(Saved data entries)

-------

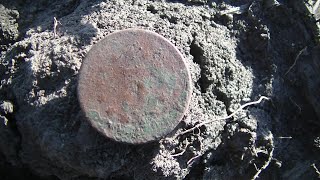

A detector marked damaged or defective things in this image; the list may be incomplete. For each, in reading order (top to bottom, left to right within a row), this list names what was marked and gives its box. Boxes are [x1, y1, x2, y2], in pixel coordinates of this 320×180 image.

corroded copper coin [78, 28, 191, 144]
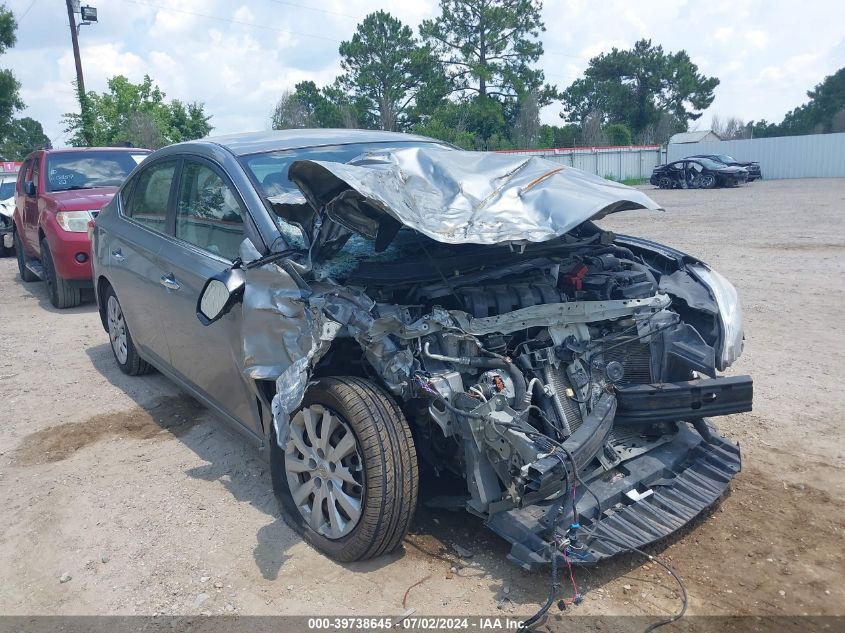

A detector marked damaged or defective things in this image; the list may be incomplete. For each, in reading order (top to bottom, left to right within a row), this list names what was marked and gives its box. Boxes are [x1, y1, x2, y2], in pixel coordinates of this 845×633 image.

crumpled hood [270, 146, 660, 249]
black damaged car [652, 157, 744, 188]
black damaged car [688, 154, 760, 181]
heavily damaged sedan [90, 128, 752, 568]
front-end collision damage [232, 147, 752, 568]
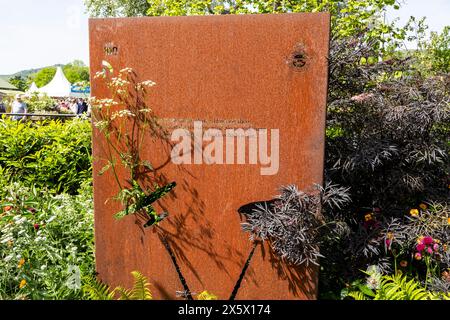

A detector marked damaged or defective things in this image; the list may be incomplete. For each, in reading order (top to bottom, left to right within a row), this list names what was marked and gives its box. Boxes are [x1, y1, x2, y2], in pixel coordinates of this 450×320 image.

rusty corten steel panel [89, 12, 332, 300]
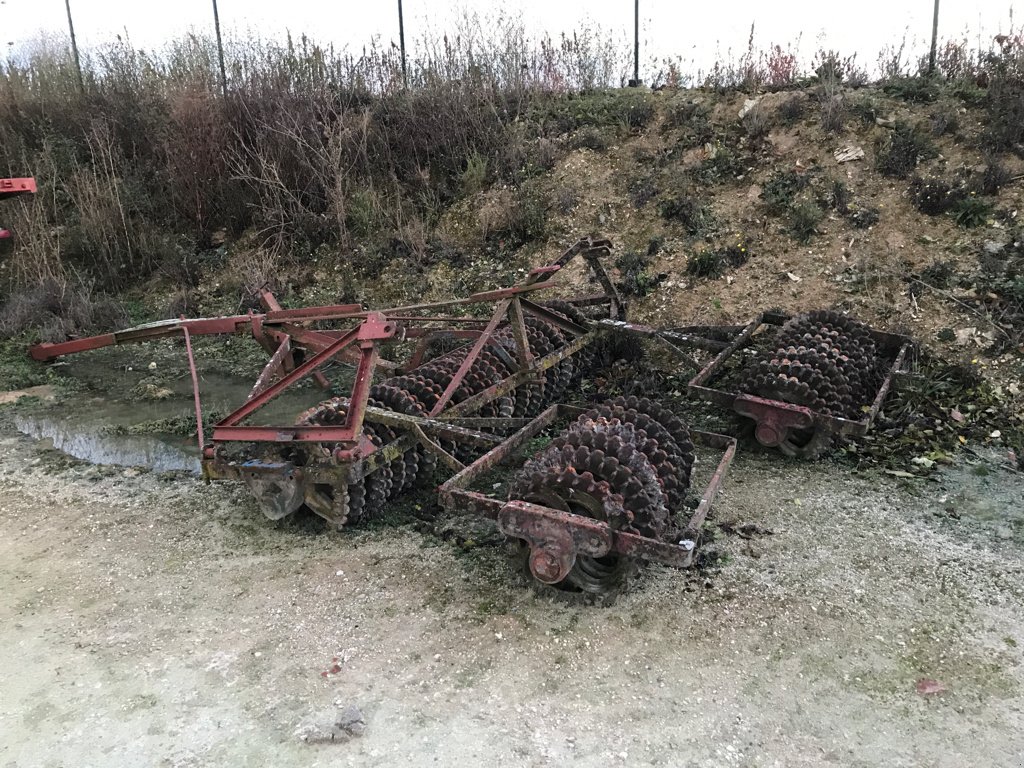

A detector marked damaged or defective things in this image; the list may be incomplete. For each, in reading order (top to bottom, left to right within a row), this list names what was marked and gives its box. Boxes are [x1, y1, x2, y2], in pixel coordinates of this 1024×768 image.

rusty agricultural implement [28, 236, 916, 600]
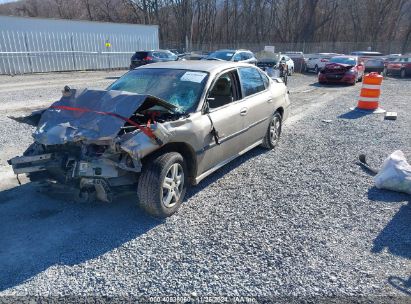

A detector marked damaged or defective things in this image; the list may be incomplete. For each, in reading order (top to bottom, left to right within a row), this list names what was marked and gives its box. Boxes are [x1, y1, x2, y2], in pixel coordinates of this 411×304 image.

crumpled hood [34, 88, 175, 145]
severely damaged car [8, 61, 292, 217]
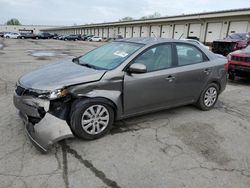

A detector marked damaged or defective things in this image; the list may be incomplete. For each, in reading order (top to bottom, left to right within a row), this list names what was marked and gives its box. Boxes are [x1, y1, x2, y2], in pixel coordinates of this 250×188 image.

damaged front bumper [13, 93, 73, 152]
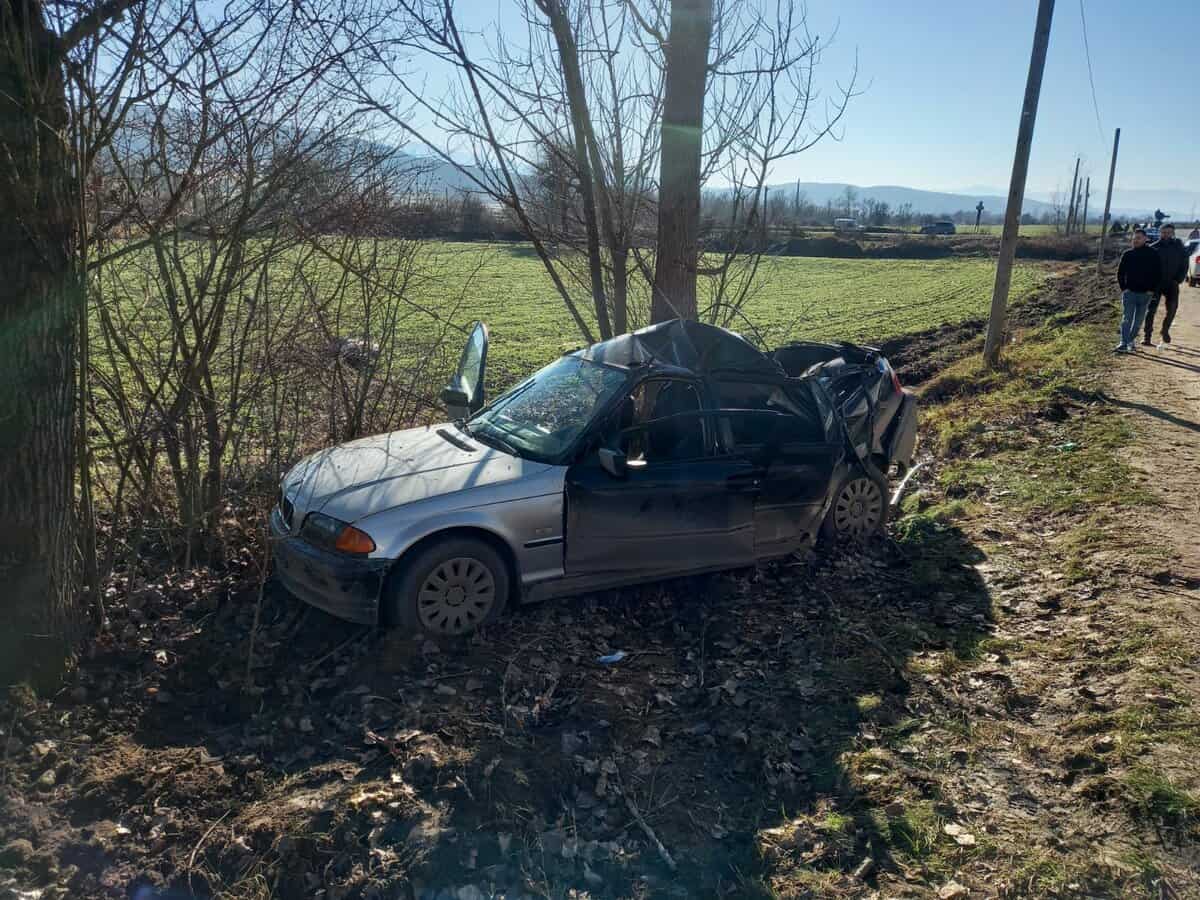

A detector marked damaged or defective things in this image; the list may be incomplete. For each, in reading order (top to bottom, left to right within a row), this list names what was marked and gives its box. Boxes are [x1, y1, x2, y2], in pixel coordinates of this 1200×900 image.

shattered windshield [465, 355, 628, 460]
dented car body [267, 321, 912, 638]
wrecked silver car [272, 321, 916, 638]
crushed car roof [576, 319, 782, 379]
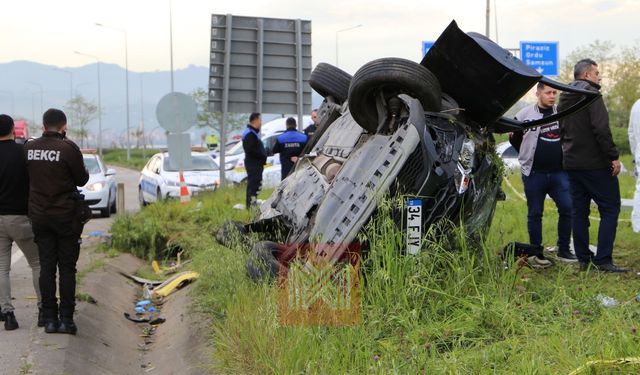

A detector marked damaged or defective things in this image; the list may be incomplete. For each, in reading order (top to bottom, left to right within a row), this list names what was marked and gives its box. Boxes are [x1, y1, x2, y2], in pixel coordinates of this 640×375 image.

damaged vehicle [219, 19, 600, 280]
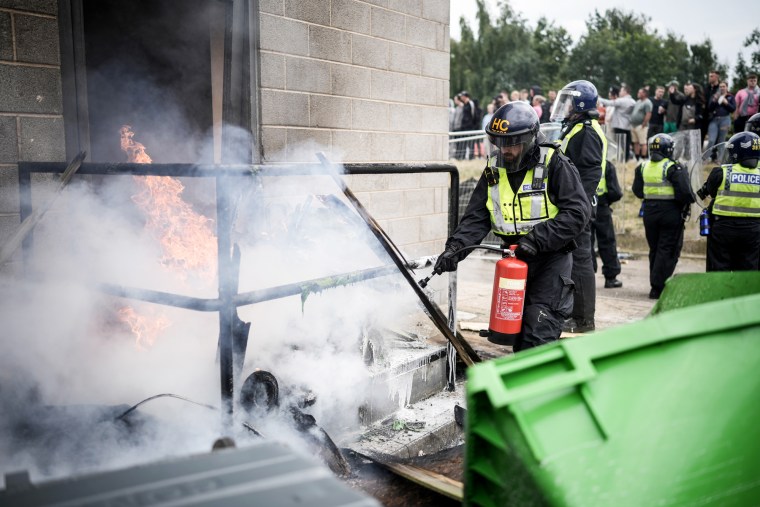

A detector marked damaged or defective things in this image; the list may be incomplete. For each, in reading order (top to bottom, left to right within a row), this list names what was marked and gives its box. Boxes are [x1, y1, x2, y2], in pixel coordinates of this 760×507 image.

charred metal frame [14, 161, 460, 426]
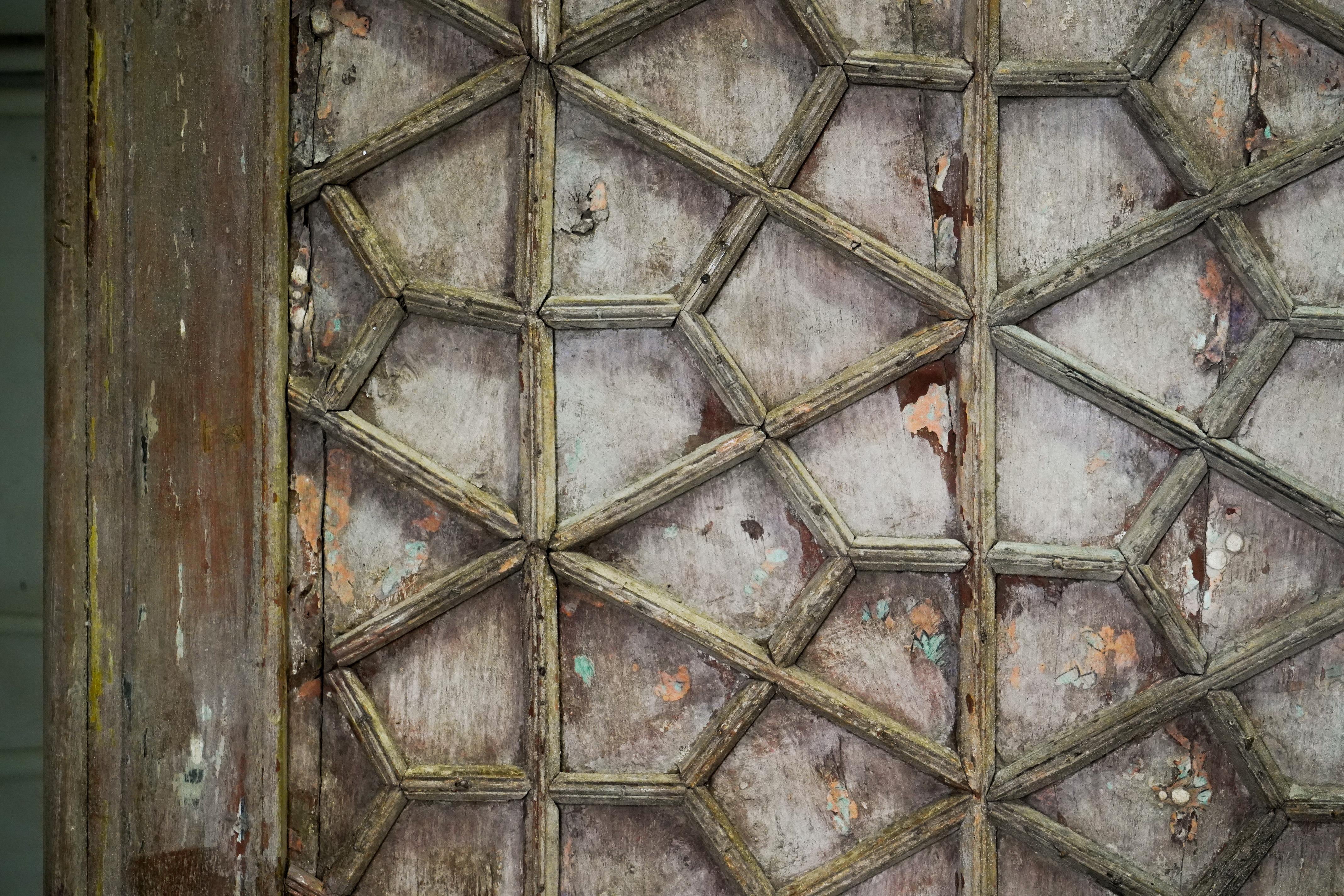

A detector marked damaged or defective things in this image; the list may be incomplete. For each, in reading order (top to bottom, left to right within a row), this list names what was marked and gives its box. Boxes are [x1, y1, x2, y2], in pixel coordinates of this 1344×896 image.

rust stain [654, 659, 695, 705]
orange paint chip [654, 659, 695, 705]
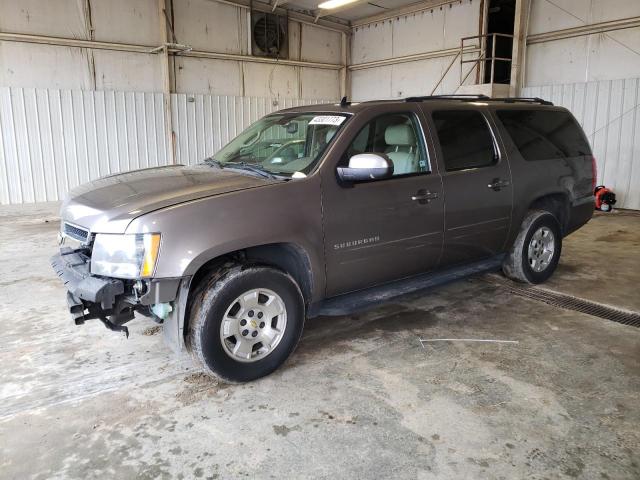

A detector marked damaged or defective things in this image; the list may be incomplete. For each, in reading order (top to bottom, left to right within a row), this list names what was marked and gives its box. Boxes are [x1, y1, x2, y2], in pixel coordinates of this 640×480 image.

damaged front bumper [51, 246, 186, 344]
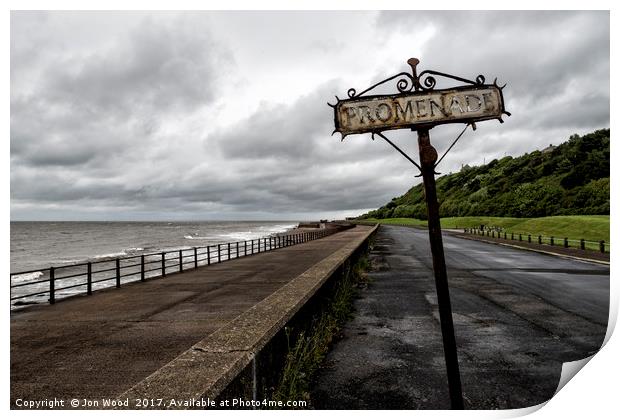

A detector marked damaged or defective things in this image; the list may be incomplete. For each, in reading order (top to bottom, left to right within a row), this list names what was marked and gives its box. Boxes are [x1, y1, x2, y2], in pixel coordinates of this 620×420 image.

rust stain on sign [334, 85, 504, 136]
rusted metal post [416, 129, 460, 410]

-------

EXERCISE DETAILS: Exactly as written, restate the lines from the one that contains "this 1344×896 image." through the final line of the data, both ends included, but leave out the pictures.

RESULT OF THIS TASK:
A detector marked damaged or defective things in this image; the list may be incomplete. For each, in reading order (top to bottom, left to right within a row), this list names what was marked and gives its box. Boxes are [x1, y1, x2, y2], in pixel coordinates of this 1344×896 image.

rust stain [654, 659, 695, 705]
orange paint chip [654, 659, 695, 705]

A detector marked damaged or defective things in this image; the list may be incomplete. For each, in reading order (top to bottom, left to right within a row), this list names what was marked and gives its box. Boxes are [x1, y1, x2, y2], in pixel coordinates of this 640×480 image.

damaged front bumper [51, 246, 186, 344]

A detector marked damaged or defective things in this image; the list may be incomplete. For each, in reading order (top to bottom, left to right within a row), this list names what was marked and gives its box. Boxes are [x1, y1, x2, y2], in pixel coordinates of this 620×420 image.

rust stain on sign [334, 85, 504, 136]
rusted metal post [416, 129, 460, 410]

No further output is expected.